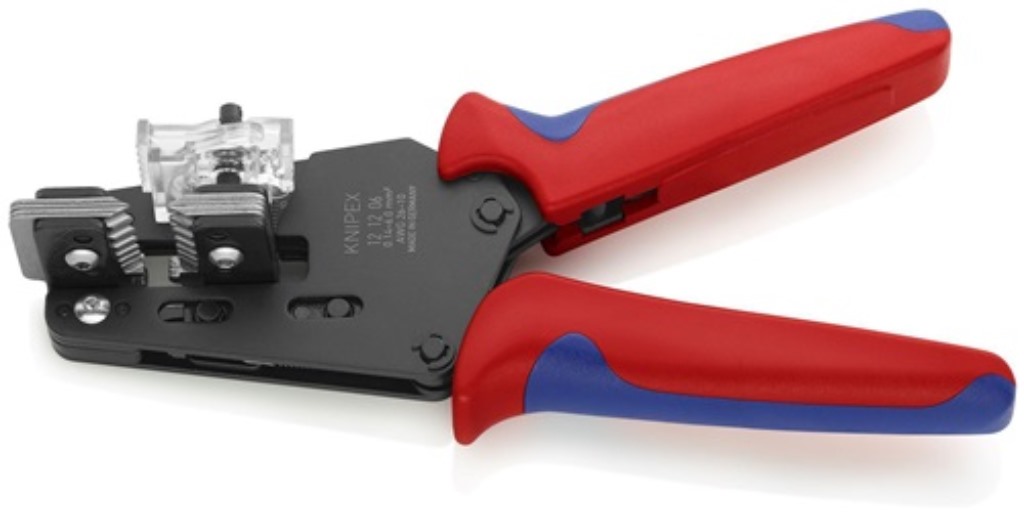 KNIPEX 12 12 06 Präzisionsabisolierzange  Länge 195 mm 0,14-6 (AWG 26-10) mm² Me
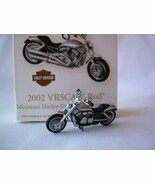 2008 Hallmark  Ornament Harley-Davidson Miniature Series 2002 VRSCA V-Rod  - $281.99 MXN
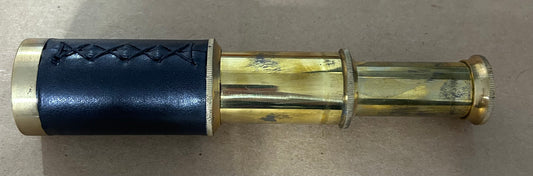 Vintage Brass Golden Telescope with Wooden Box 6"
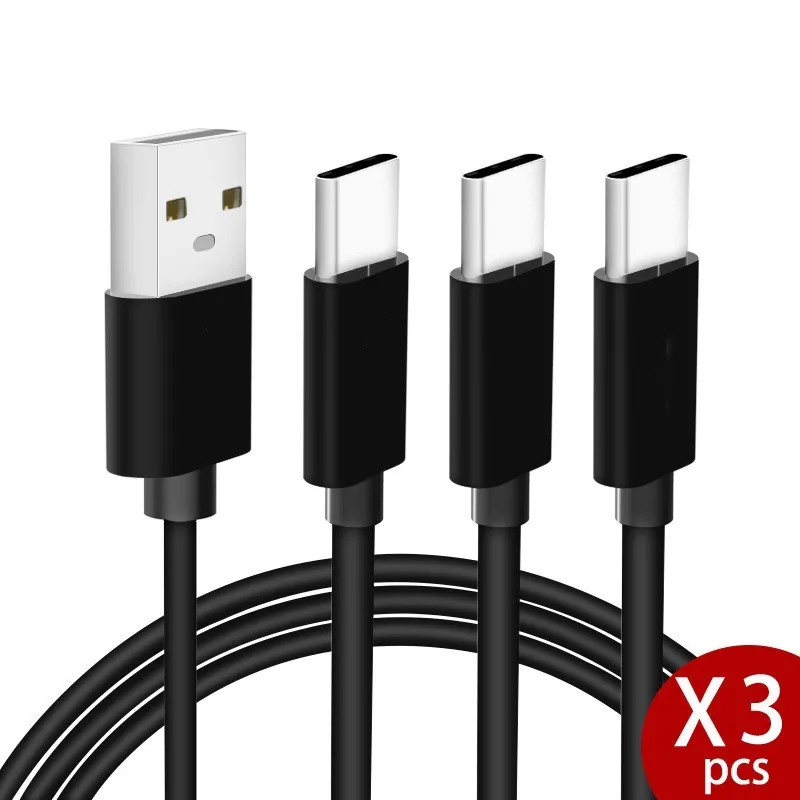 3 шт./лот 2 м USB кабель типа C 4 А для быстрой зарядки Samsung Galaxy S8 S9 Xiaomi mi8 Oneplus 6 передачи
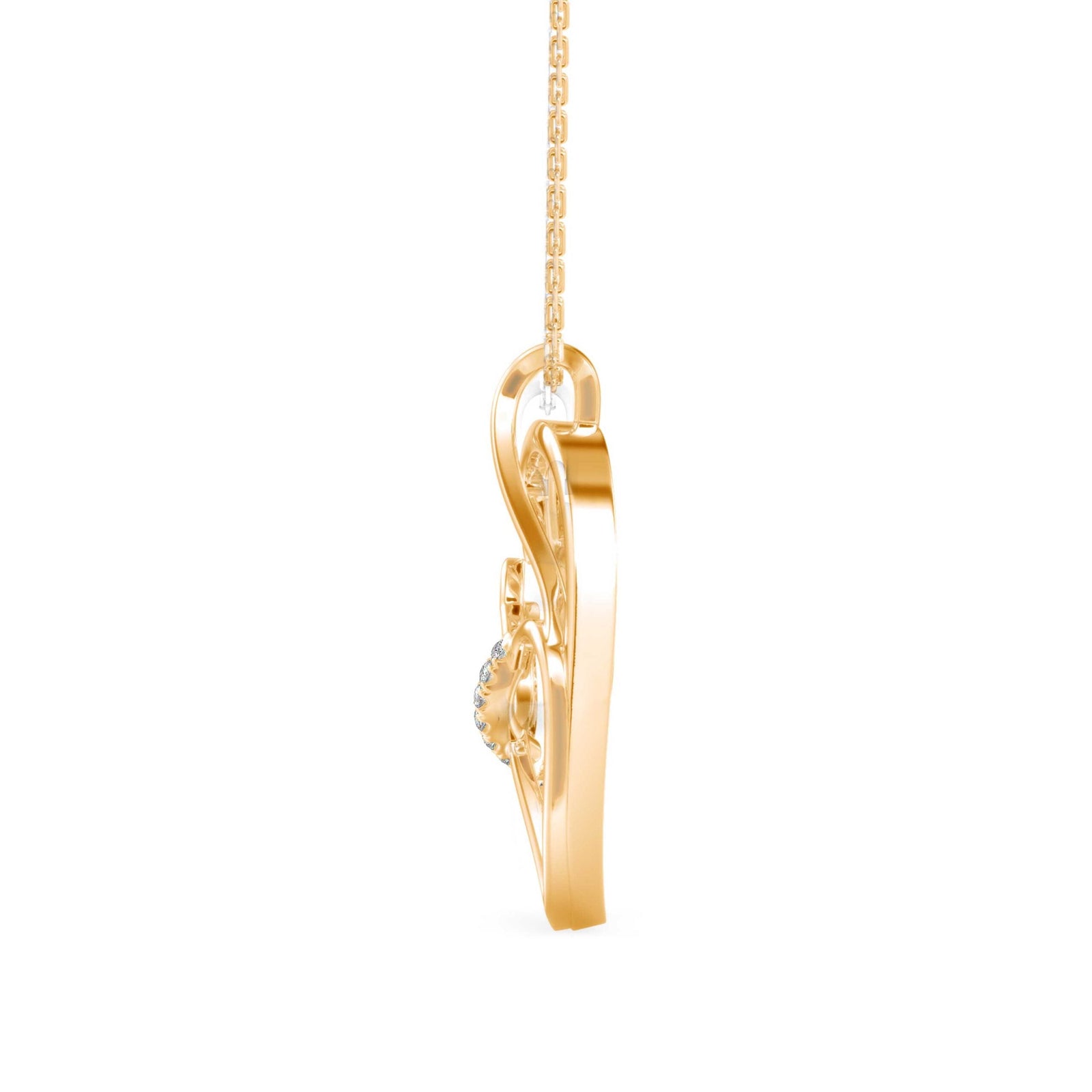 Hello Kitty Diamond Pendant Side view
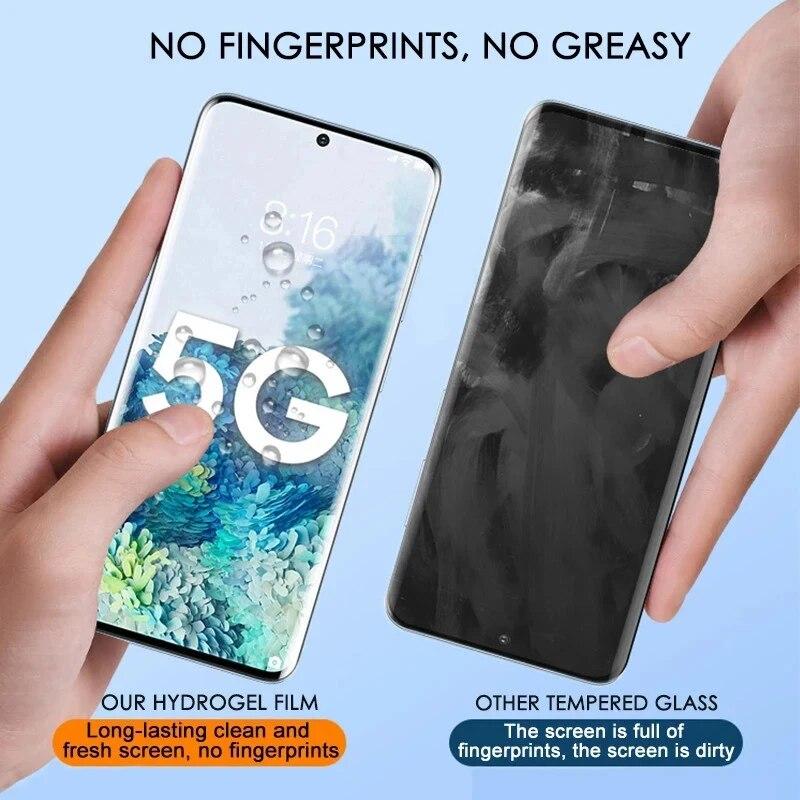 4 stk Hydrogel-film for Samsung Galaxy S24 S23 S22 S21 S20 Ultra S10 S9 Plus A12 A34 A54 A53 A52 A33 A32 A71 Skjermbeskytter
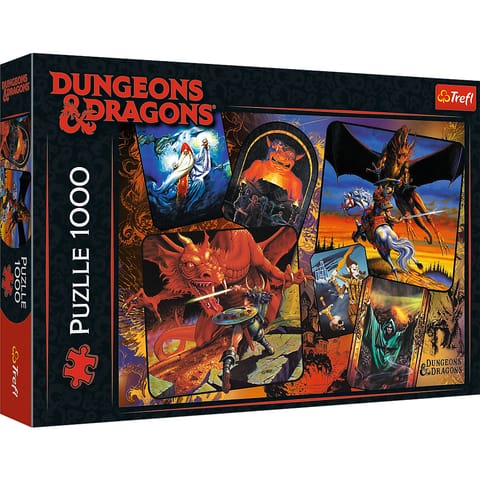 Puzzle - "1000" - Początki Dungeons and Dragons Trefl 10739 w sklepie Wasserman.eu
____________
The copy must start at the line containing "3 шт./лот 2" and stop at the last line of the listing, both included, with every line exact and no pictures.

Response box:
 3 шт./лот 2 м USB кабель типа C 4 А для быстрой зарядки Samsung Galaxy S8 S9 Xiaomi mi8 Oneplus 6 передачи
 Hello Kitty Diamond Pendant Side view
 4 stk Hydrogel-film for Samsung Galaxy S24 S23 S22 S21 S20 Ultra S10 S9 Plus A12 A34 A54 A53 A52 A33 A32 A71 Skjermbeskytter
 Puzzle - "1000" - Początki Dungeons and Dragons Trefl 10739 w sklepie Wasserman.eu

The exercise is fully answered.